En outre, l’introduction d’une fonction de flux en coordonnées latitude-oxygène constitue une innovation significative de cette étude. Cette approche mathématique, utilisée traditionnellement pour décrire la circulation de la température ou de la salinité, a été adaptée pour tracer les flux d’oxygène. Concrètement, cette fonction permet de simplifier la représentation des mouvements d’oxygène entre les différentes couches de l’océan et entre les hémisphères, en visualisant les transports comme des flux dans un système de coordonnées qui combine la latitude et la concentration en oxygène. Cette méthodologie offre une vue intégrée et précise de la façon dont l’oxygène est redistribué par les grands systèmes de circulation océanique, et comment ces flux répondent aux changements climatiques.
Deux cellules de transport
L’analyse révèle que la répartition de l’oxygène à travers les océans se fait principalement via deux grandes cellules de transport méridional. La première, nommée la Cellule Nord, est principalement influencée par la circulation méridionale de retournement de l’Atlantique (AMOC). Ce système puissant de courants océaniques agit comme un tapis roulant géant, transportant de l’eau chaude et bien oxygénée depuis les tropiques vers le nord, avant de plonger dans les profondeurs de l’Atlantique Nord où elle se refroidit et se charge davantage en oxygène.

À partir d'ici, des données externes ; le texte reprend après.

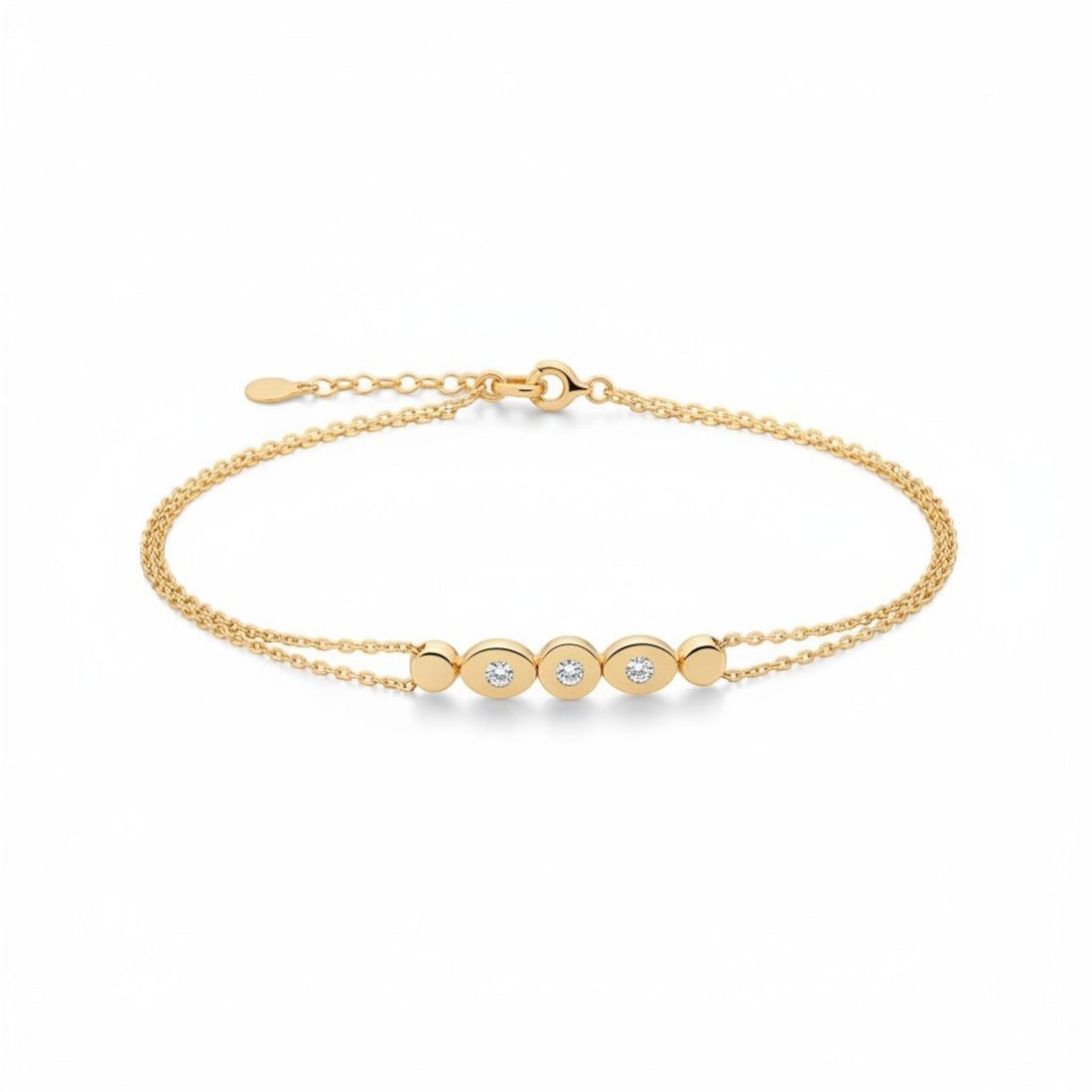 Tania Claire Australia gold bracelet with double chain and three sparkling stones set in oval gold bezels.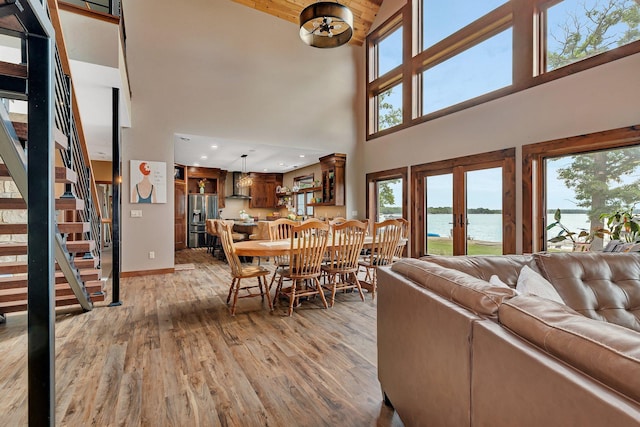 living room featuring a water view, light wood-type flooring, a high ceiling, and french doors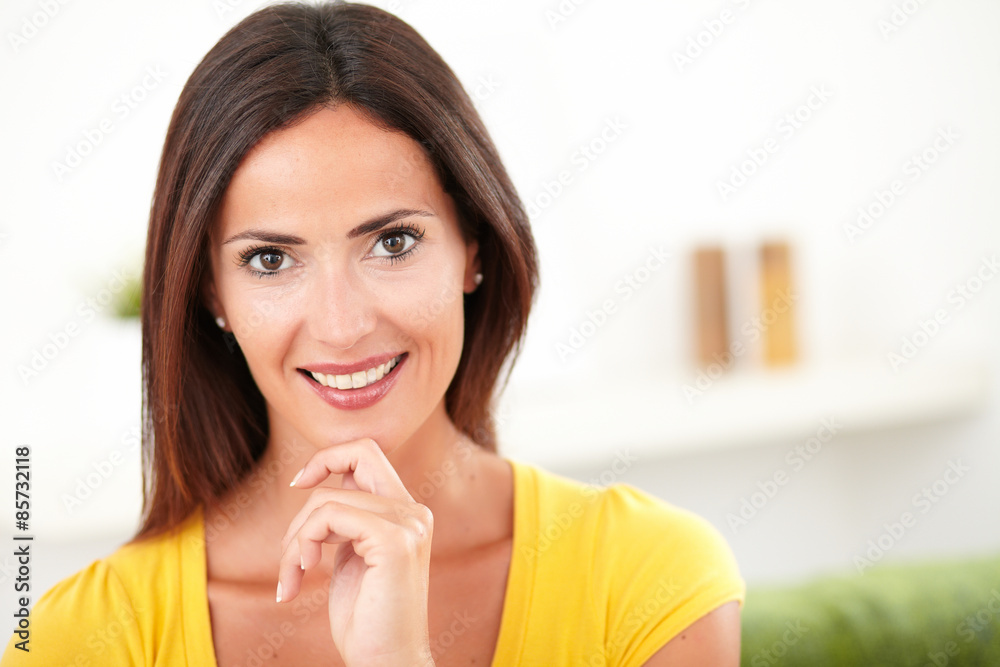 Confident woman toothy smiling at the camera Confident woman toothy smiling at the camera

Cette eau riche en oxygène est ensuite redistribuée vers l’équateur et contribue significativement à l’oxygénation des couches intermédiaires et profondes de l’océan. Cependant, au cours de son périple vers le sud, cette eau perd une partie de son oxygène initial, principalement en raison des processus biologiques comme la respiration des organismes marins et la décomposition de la matière organique, ce qui est particulièrement marqué lors du passage de l’eau par les régions plus chaudes.
Parallèlement, la Cellule Sud, associée aux vastes et complexes bassins Indien et Pacifique, illustre une autre dynamique. Dans cette région, les eaux froides et riches en nutriments remontent des profondeurs vers la surface près de l’Antarctique, se chargeant en oxygène grâce aux interactions intenses avec l’atmosphère dans les zones de fort brassage marin. Ces eaux, maintenant saturées d’oxygène, se dirigent vers le nord à travers l’océan Indien et le Pacifique, distribuant cet oxygène vital en chemin. Néanmoins, cette cellule de transport est caractérisée par une désoxygénation notable à mesure que les eaux arrivent à l’équateur et se réchauffent, accentuée par une stratification accrue de l’océan qui limite les échanges verticaux d’oxygène.
Ce phénomène est exacerbé par le réchauffement global qui tend à augmenter la température de surface des océans, réduisant ainsi leur capacité à retenir l’oxygène dissous, et menaçant la biodiversité marine dépendante de niveaux suffisants d’oxygène, surtout dans les zones où la vie est abondante.